# Any english native wants to speak arabic?



## Mohammed-Awaad (Jul 23, 2010)

Hi,
I am interested to meet person who wants to learn Arabic.
I want to improve my English..so it will be great for such experience


----------



## Jynxgirl (Nov 27, 2009)

It would be easier for you to join in to groups doing activities then just finding people who are trying to improve their arabic. I can suggest joining duplay in hobbies you might want to do as mostly expats are involved and will give you the opportunity to speak english.


----------



## Mohammed-Awaad (Jul 23, 2010)

great
thanks for advise


----------



## climber1984 (Aug 24, 2011)

Mohammed-Awaad said:


> Hi,
> I am interested to meet person who wants to learn Arabic.
> I want to improve my English..so it will be great for such experience


Hi Mohammed,

l would be delighted to learn Arabic and, if possible, help you with your English.

l am in Al Ain but can travel. lf possible could you pm me with details?

Many thanks..


----------



## Ben_130 (Jan 24, 2011)

I too am very keen to learn Arabic once I arrive in Abu Dhabi.
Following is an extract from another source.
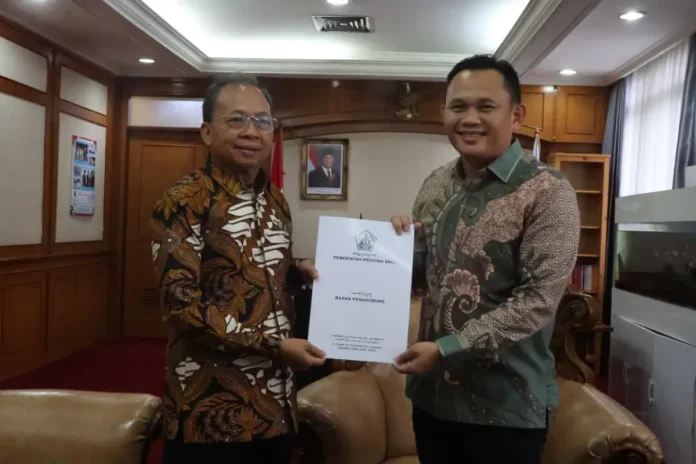 Gubernur Bali Wayan Koster bertemu Direktur Jenderal Otonomi Daerah Kemendagri Cheka Virgowansyah untuk melaporkan raperda penambahan penyertaan modal BPD Bali.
Just waiting to get a start date for the new job. Hope to be out January/February.


----------



## climber1984 (Aug 24, 2011)

Good luck. Keep in touch. lf l find anything l will let you know.


----------



## Haythamg (Dec 14, 2011)

Hi,
I am also in Al Ain and would have no problem in teaching spoken Arabic. I grew up in Pittsburgh Pa. so have an American accent. I am an ELT.

Sent from my iPhone using ExpatForum


----------



## GPyao (Jan 29, 2012)

Hi,
I am Malaysian! I speak English, Chinese, Malay!
Interested to learn Arabic here!
We should meet!


----------